To address inconsistencies in previous studies and to determine if there are effects of moderate tea drinking on cardiovascular risk factors, Kenneth J. Mukamal, M.D., M.P.H, M.A., and colleagues conducted a small, six-month, randomized clinical trial. The study included 28 adults, 55 years and older, who were at an increased risk for cardiovascular disease.

Researchers compared two groups of 14 participants, who were assigned to drink three glasses daily of either a standardized black tea preparation or water.

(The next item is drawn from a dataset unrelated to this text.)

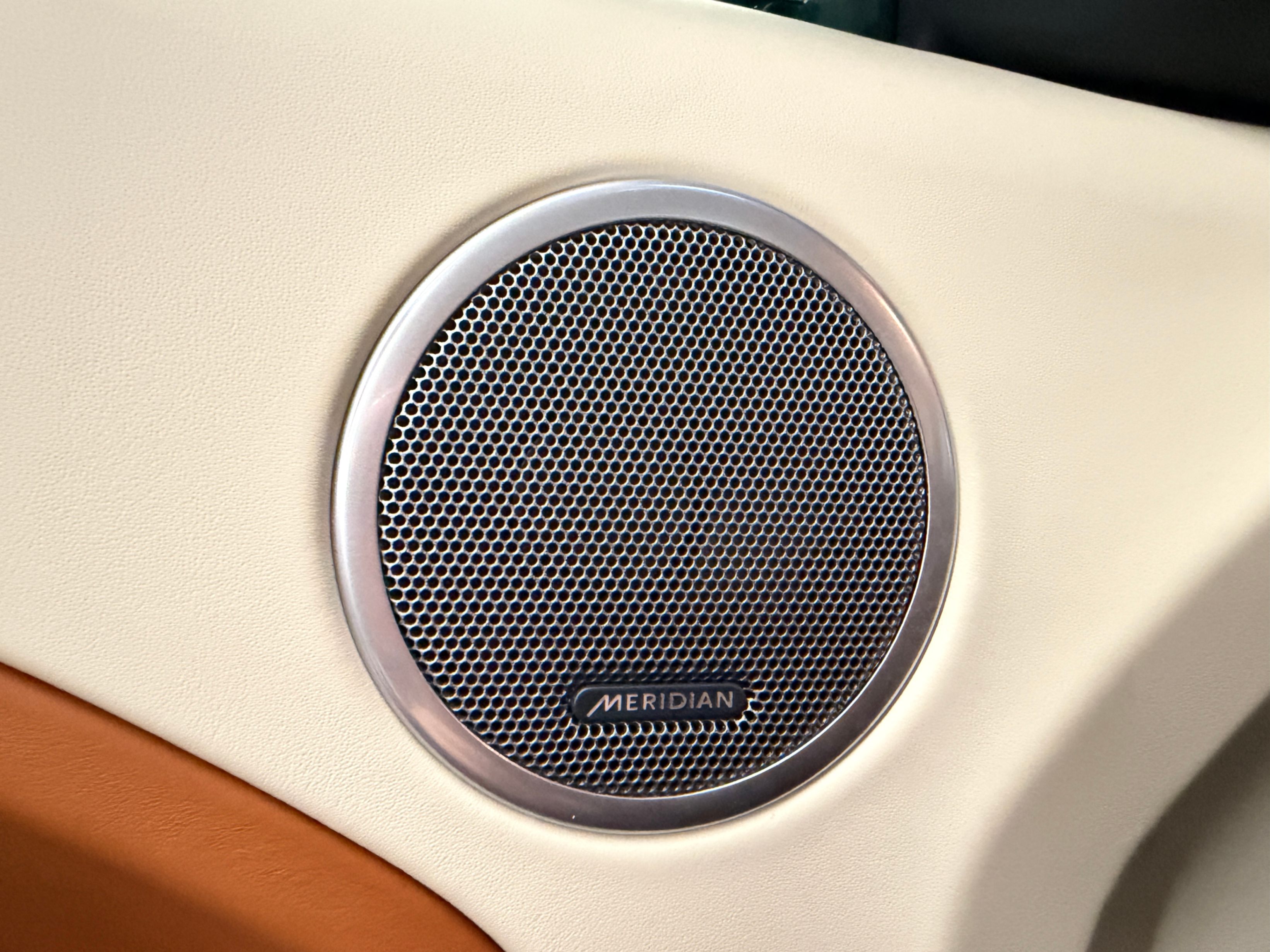 /hcwenterprisecorporation/2012-LandRover-RangeRover-36329509057728804.jpg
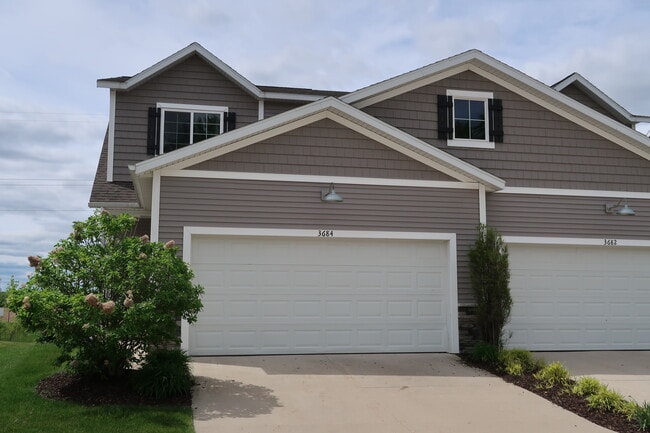 Building Photo - 3684 Merriville Ct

After six months, research data showed that there were no significant differences between the tea group and the water group on advanced cardiovascular risk biomarkers, such as metabolic factors, lipid levels, markers of inflammation, and systolic blood pressure.

It should be noted that not all pathways to cardiovascular disease were measured in the study. Also, although the black tea used in the study contained ample polyphenol content, doses given to participants were smaller than in some previous studies. The researchers believe their study is the longest such trial conducted to date, but concluded that confirmation of the effects of black tea on cardiovascular risk will require larger and longer studies in more diverse populations.


  • Kenneth J. Mukamal, M.D., M.P.H., M.A., Kristen McDermott, R.N., Joe A. Vinson, Ph.D., et al. A 6-Month Randomized Pilot Study of Black Tea and Cardiovascular Risk Factors. American Heart Journal.